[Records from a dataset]
╔══

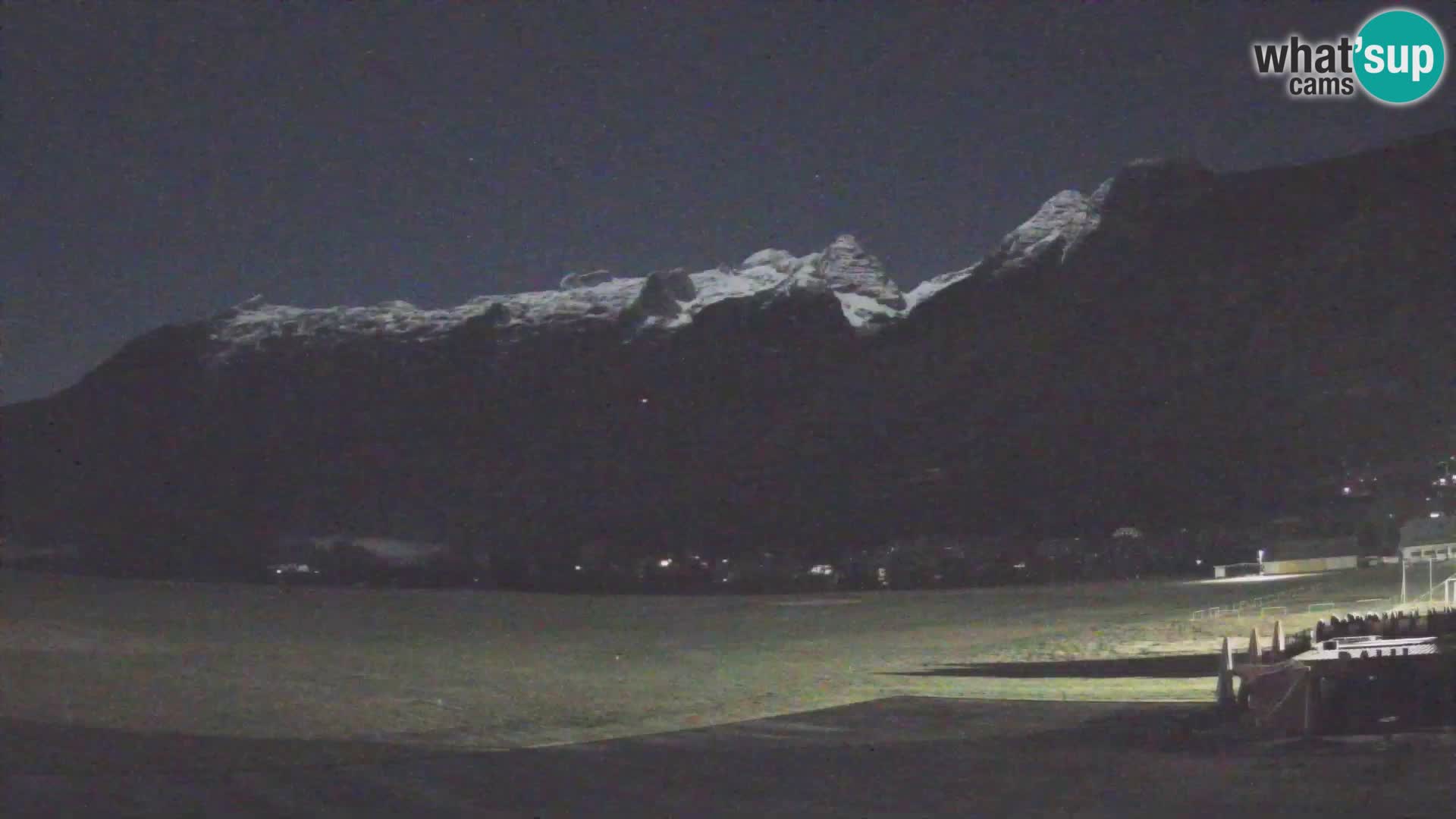 Spletna kamera letališče Bovec – pogled proti Kaninu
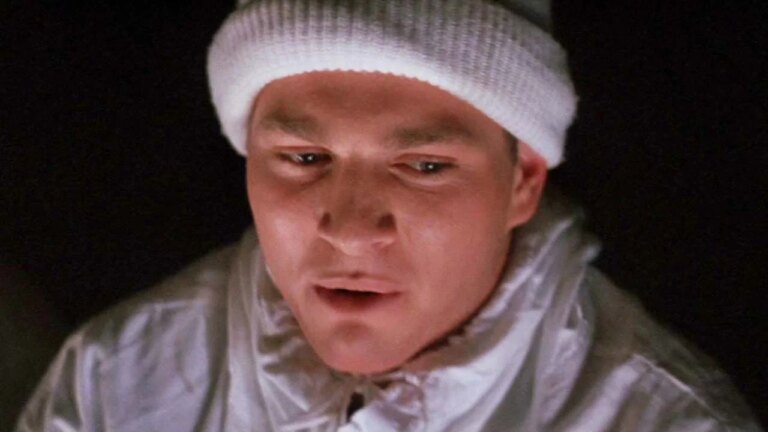 La mort inattendue d’un personnage clé dans un film d’action des années 90.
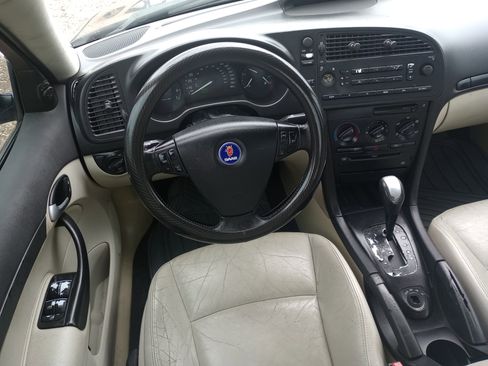 Used 2004 Saab 9-3 Linear image 9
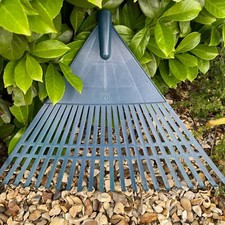 55cm Wide 22 Tooth Heavy Duty Plastic Canadian Rake Head Replacement Lawn Leaves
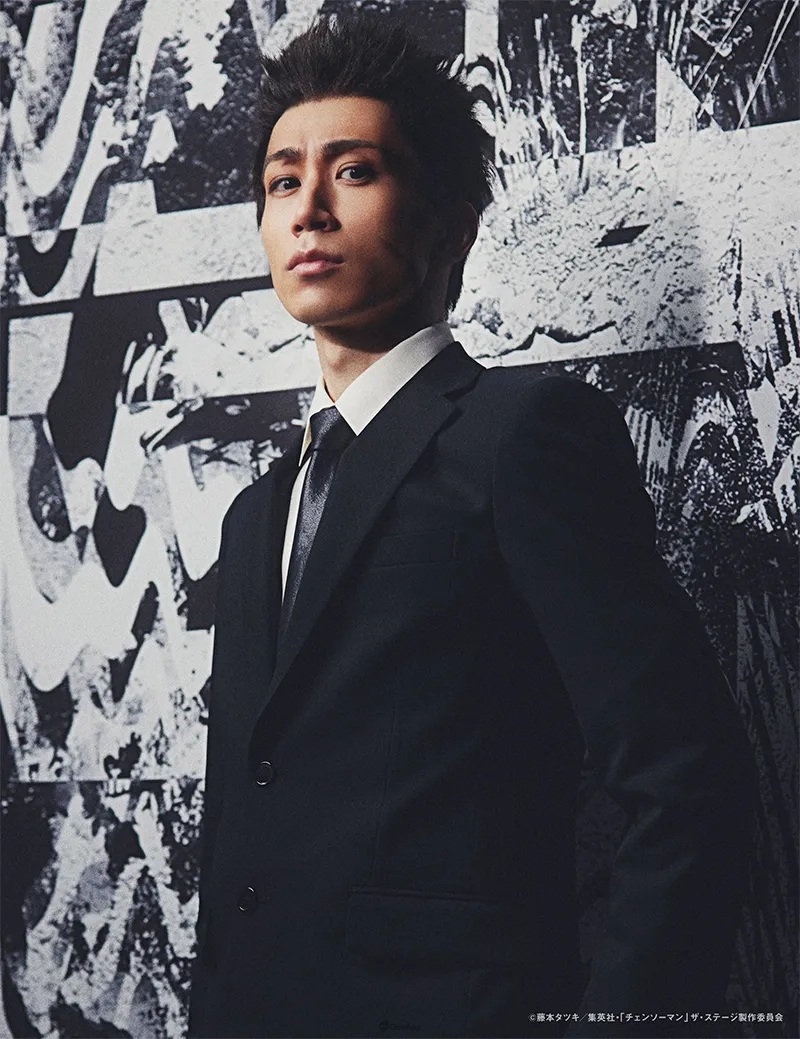 改编自 藤本树 创作漫画的真人舞台剧《链锯人》（チェンソーマン），继日前宣布 2023 年 9 月~10 月将于东京、京都上演，这回也释出了视觉海报及演员阵容。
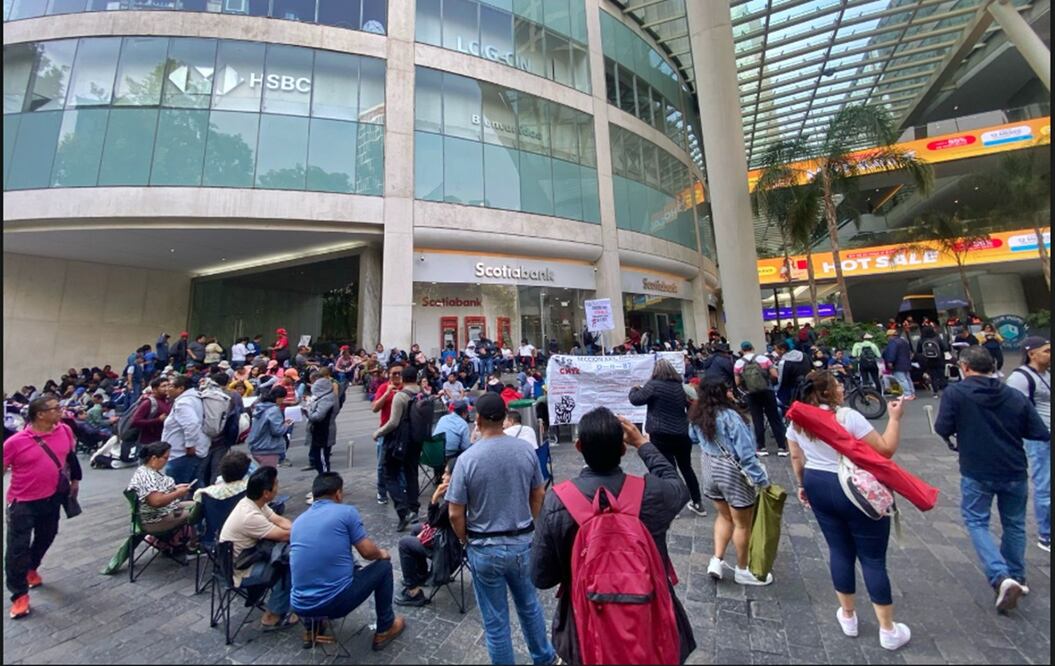 En el doceavo día de manifestaciones de la CNTE realizaron una serie de concentraciones simultáneas en diversas instituciones financieras de la Ciudad de México, el 27 de mayo de 2025. Foto: Juan Carlos Williams/EL UNIVERSAL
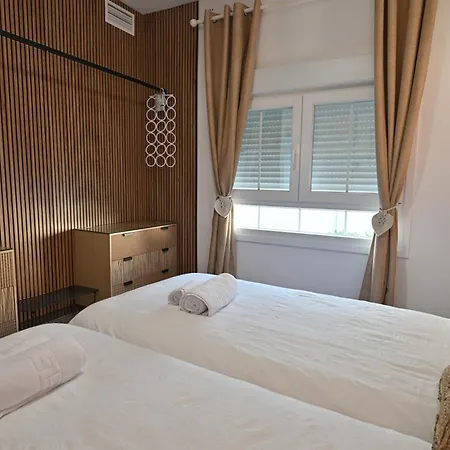 Wonderstays Lucia Villa *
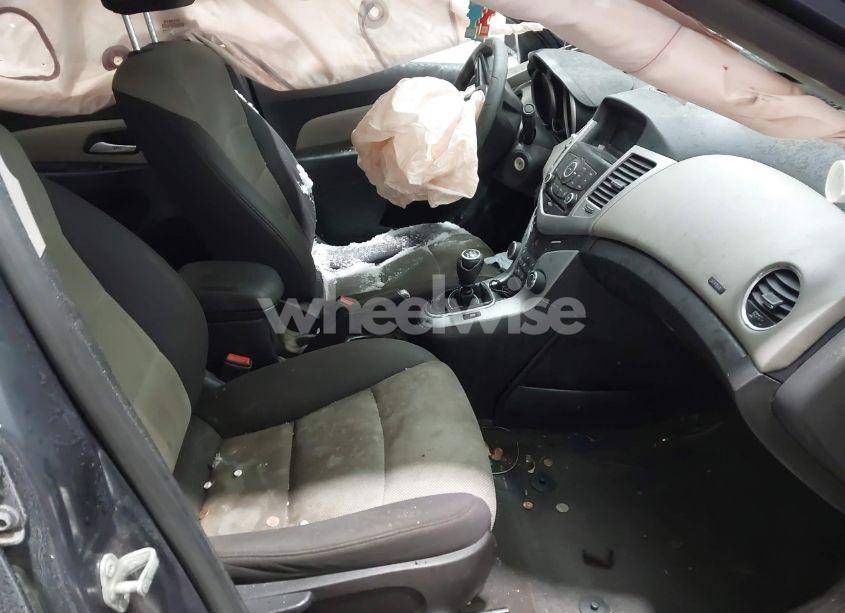 Photo 5 of 2013 Chevrolet Cruze LS MANUAL (VIN 1G1PB5SG1D7315041)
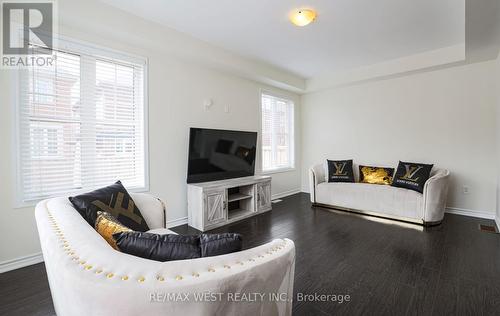 2 Redfern Street, Brampton, ON - Indoor Photo Showing Living Room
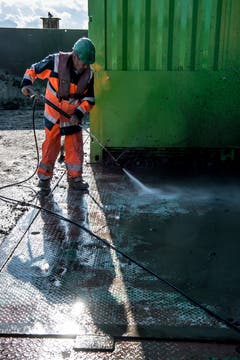 Das Fachpersonal arbeitet mit Hochdruck auf der Plattform. (Bild: Nadia Schärli, Luzern, 9. September 2019)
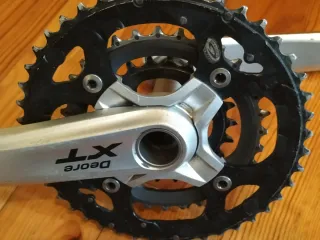 Bielas Shimano Deore XT.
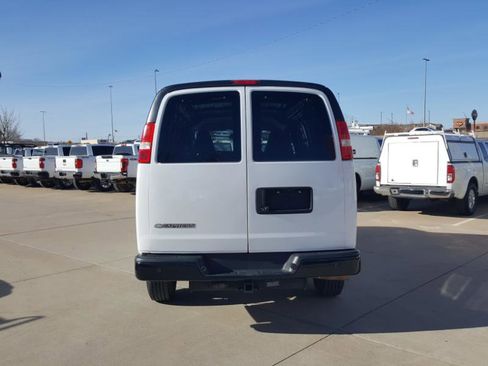Used 2018 Chevrolet Express 3500 w/ Driver Convenience Package image 8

╚══

What you write should match the entries exactly, except that the pictures are dropped.

 Spletna kamera letališče Bovec – pogled proti Kaninu
 La mort inattendue d’un personnage clé dans un film d’action des années 90.
 Used 2004 Saab 9-3 Linear image 9
 55cm Wide 22 Tooth Heavy Duty Plastic Canadian Rake Head Replacement Lawn Leaves
 改编自 藤本树 创作漫画的真人舞台剧《链锯人》（チェンソーマン），继日前宣布 2023 年 9 月~10 月将于东京、京都上演，这回也释出了视觉海报及演员阵容。
 En el doceavo día de manifestaciones de la CNTE realizaron una serie de concentraciones simultáneas en diversas instituciones financieras de la Ciudad de México, el 27 de mayo de 2025. Foto: Juan Carlos Williams/EL UNIVERSAL
 Wonderstays Lucia Villa *
 Photo 5 of 2013 Chevrolet Cruze LS MANUAL (VIN 1G1PB5SG1D7315041)
 2 Redfern Street, Brampton, ON - Indoor Photo Showing Living Room
 Das Fachpersonal arbeitet mit Hochdruck auf der Plattform. (Bild: Nadia Schärli, Luzern, 9. September 2019)
 Bielas Shimano Deore XT.
Used 2018 Chevrolet Express 3500 w/ Driver Convenience Package image 8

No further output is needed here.